Debur ombak kali ini kutemani dengan hikayat perjalanan selama satu purnama ke belakang. Mengulas dan mengingat setiap langkah kaki yang melintasi jarak demi jarak. Karena sejatinya, kapal yang kunaiki ini adalah tiket kembali, pertanda bahwa di nun jauh ujung sana ada tugas serta tuntutan yang akan menjadi rutinitas segera. Maka tak ada salahnya, mengingat dan mengulang sejauh mana kita telah pergi sebelum kembali, bukan? Agar kita tahu sejauh mana perjalanan telah mengasah jiwa jasad kita, dan setinggi apa perjalanan telah membantu kita mengangkasa mencapai seluruh target harapan. .

Dari debur ombak lautan selat sepanjang 32 km, aku belajar banyak. Tentang menghayati dan menyikapi hidup yang penuh cinta dan cerita ini.
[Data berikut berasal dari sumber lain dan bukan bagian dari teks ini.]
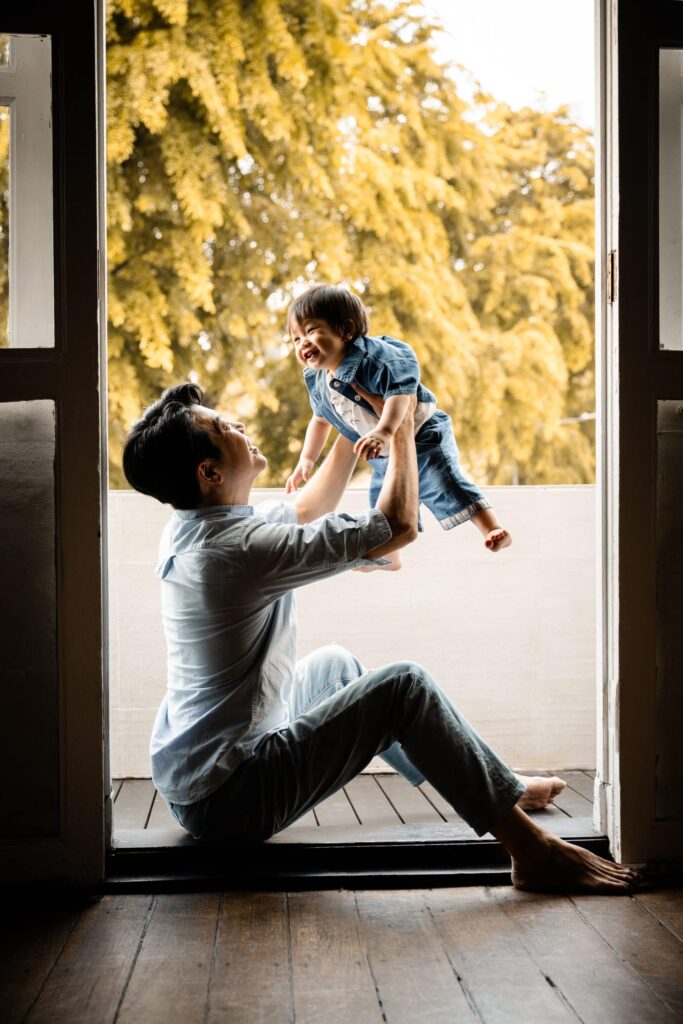 Singapore family photo studio, Family with parents and their children with kids ages ranging from toddler to teens in a photography studio setting during a family photoshoot in Singapore, White Room Studio. Credit: White Room Studio Pte Ltd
Tentang sendu yang membersamai rindu, tentang tantangan dalam detak perjalanan. .

Ahlan, Maninjau.

Catatan : Jangan lupa untuk tengadahkan tangan serta tundukkan kepala, memohon seraya berdoa untuk pertolongan saudara-saudara seiman kita di tanah Al Aqsha. Kita doakan agar saudara-saudara diberi ketenangan dan kemenangan dri sisi Allah. Pun kita panjatkan agar semoga seluruh makar Zionis Israel tuk menghancurkan Al Aqsha menemui kegagalan dan kebinasaan. Allahumma Amin. .

Mereka bertahan. Kita kuatkan. Allah menangkan. Insya allah.